Entre as denúncias recebidas sobre a falta de EPIs, há relatos impressionantes, como um sobre o hospital de Bangu (RJ). “Muitos materiais descartáveis estão sendo usados seguidamente mais de uma vez.” Em outro hospital do estado do Rio de Janeiro, uma médica perdeu o emprego porque passou a comprar seus próprios EPIs, já que o hospital não os fornecia.

São Paulo lidera o ranking de denúncias

O estado de São Paulo é a unidade da federação que teve o maior número de denúncias (855) e também o maior número de municípios denunciados (109). A capital paulista é a cidade cujos estabelecimentos foram mais denunciados, com quase 25% (250) das denúncias do estado, seguida por Caçapava (59) e Santos (31). As outras oito cidades com mais queixas são Rio de Janeiro (148), Porto Alegre (128), Brasília (73), Belém (63), Belo Horizonte (48), Recife (36), Teresina (31) e Campo Grande (31).

O estado do Rio de Janeiro concentra 273 queixas, com a capital fluminense no topo, com 150, junto com Duque de Caxias (12) e Nova Iguaçu (9). Minas Gerais e Rio Grande do Sul aparecem na sequência como os estados com mais denúncias, com 262 e 218, respectivamente. Na região Norte, Belém, no Pará, é o município com mais relatos, com 64 ao todo.
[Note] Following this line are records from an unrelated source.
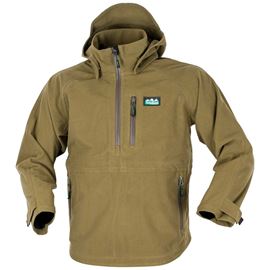 Ridgeline Kids Monsoon Classic Smock Ridgeline Kids Monsoon Classic Smock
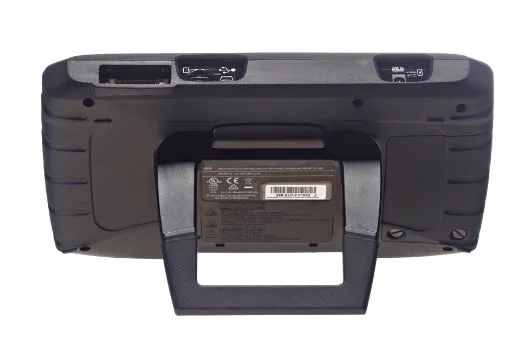 tester-diagnostyczny-sun-pdl-4100-kod-producenta-pdl-4100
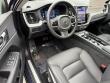 2025 Volvo XC60 Plus Sport Utility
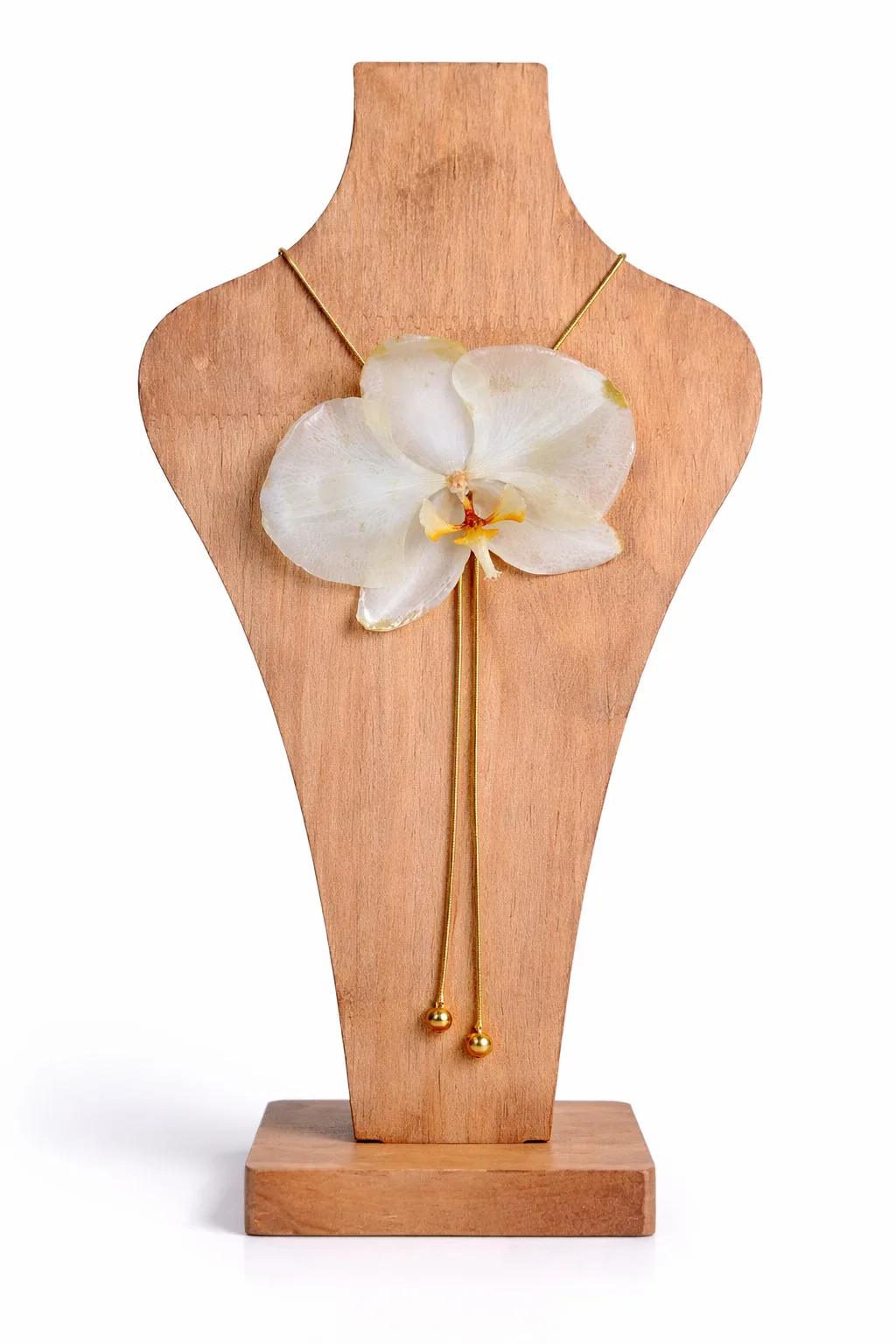 Mångata Pendants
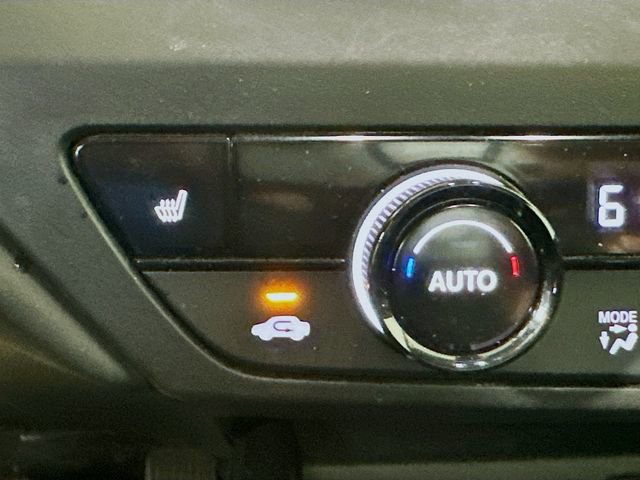 Used 2024 Honda Accord EX image 20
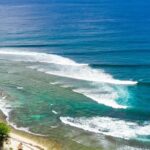 Liburan Ke Lampung, Berikut Destinasi Wisata yang Wajib Dikunjungi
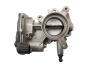 Въздушен амортисьор Opel Saab 55564164 5.05692.00 2.0 CDTI GM
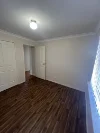 6 Wattle Way, Denmark WA 6333-Image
“O quadro é grave e não podemos ficar de braços cruzados. Precisamos mostrar onde os médicos estão ficando expostos e pressionar as autoridades para resolver os problemas o mais rápido possível, pelo bem da população brasileira e dos médicos que estão na linha de frente”, alertou Lincoln Ferreira, presidente da AMB.

Como denunciar

No site AMB (acesse aqui), médicos e profissionais de saúde podem denunciar de forma totalmente anônima os casos de falta de Equipamento de Proteção Individual no combate ao coronavírus. Essas queixas mostram o panorama do país na luta contra a doença e os riscos a que médicos e profissionais de saúde estão expostos diariamente.

Dados das denúncias podem ser acompanhados  http://amb.org.br/epi/

Também no site da AMB, é possível acompanhar as informações sobre as denúncias. Os estabelecimentos que informarem a solução dos problemas serão retirados da lista, que apresenta detalhes sobre os EPIs que faltam em cada local.
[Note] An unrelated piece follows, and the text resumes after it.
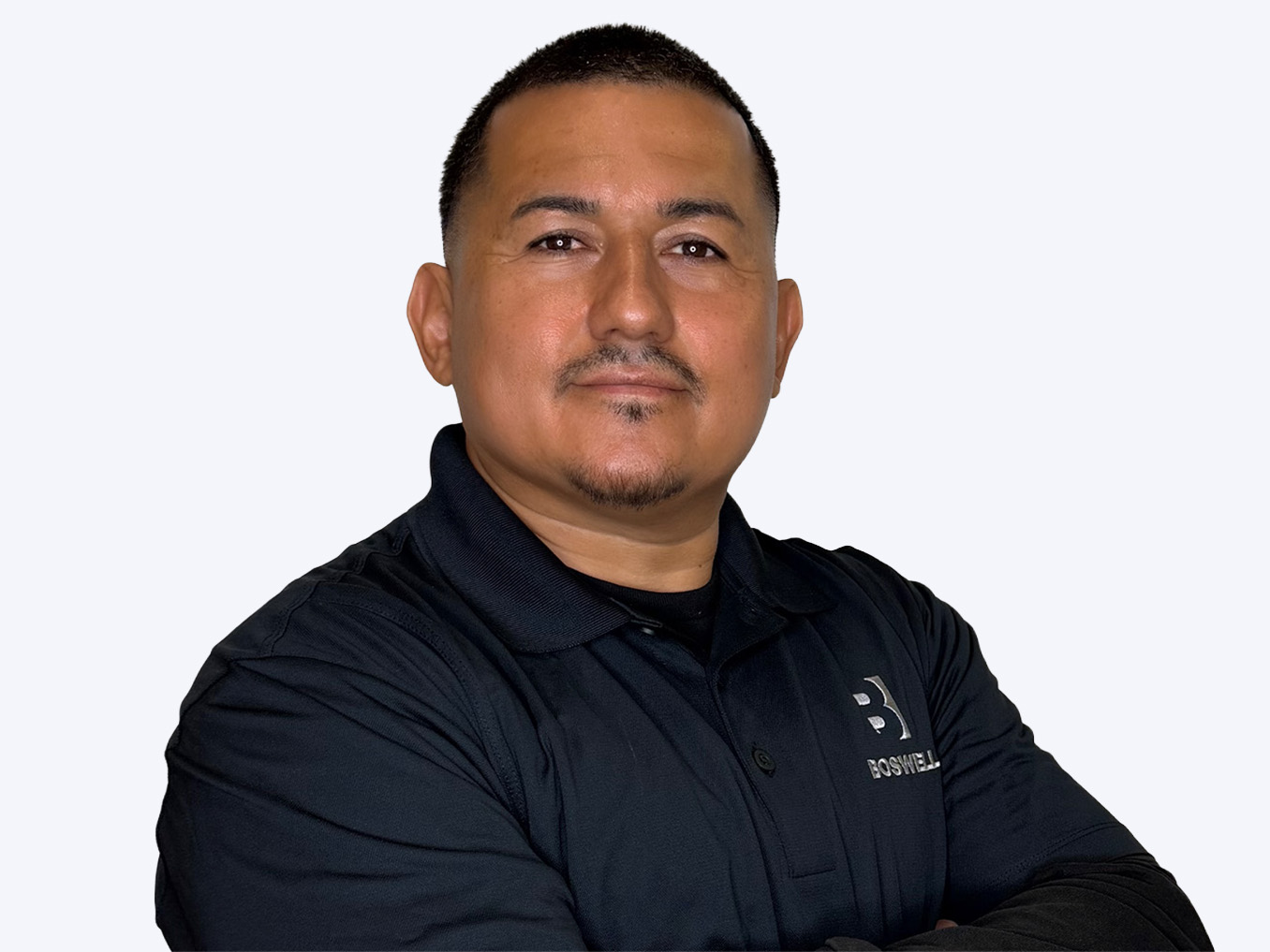 Rigoberto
Alguns alertas dos médicos:

Médico de Cruzeiro (SP)

“O diretor da unidade de saúde está coagindo a equipe para não usar o material [EPI] comprado por conta própria.”

Médico do Rio de Janeiro (RJ)

“Atendo em sala sem janela, sem insumos, sem limpeza efetiva e sem máscaras cirúrgicas no setor.”
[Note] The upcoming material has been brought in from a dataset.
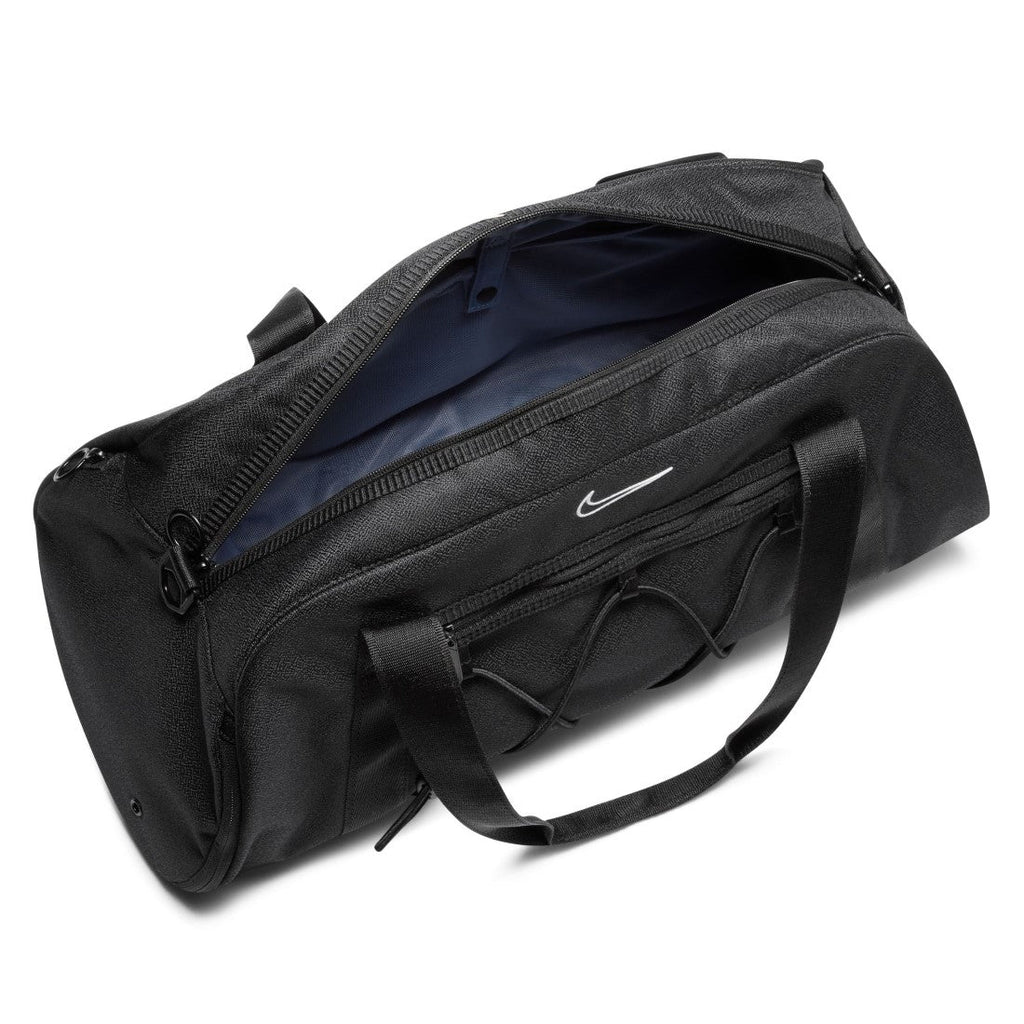One Club Duffle Bag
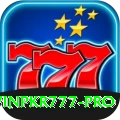 winpkr777 Legend v1.8.0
Médico de Belo Horizonte (MG)

Relata falta de luvas e capote impermeável. “Hoje (20/03) não havia [máscara] N95, inclusive foi relatado que não terá mais.”

Médico de Jandira (SP)

“Funcionários são ameaçados para trabalhar sem uso de EPI, a máscara não é distribuída para os pacientes sintomáticos.”

Médico residente em Florianópolis (SC)

Relata falta de máscara tipo N95 ou PFF2, óculos ou face shield e gorro. “Treinamentos sendo feitos em aula presencial e sala sem ventilação.”

Médico de Tijucas (SC)

Falta máscara tipo N95 ou PFF2, óculos ou face shield, capote impermeável. “Não há material suficiente para toda a equipe. Secretário de Saúde mandou reutilizar avental descartável por três dias!”

Médico residente em Uberlândia (MG)

“Negam EPI aos médicos/residentes e aos internos que entram em contato direto com paciente. Um absurdo.”

Médico em Saquarema (RJ)

“Denuncio o hospital, pois não estão fornecendo nenhum tipo de proteção para médicos e enfermeiros técnicos.”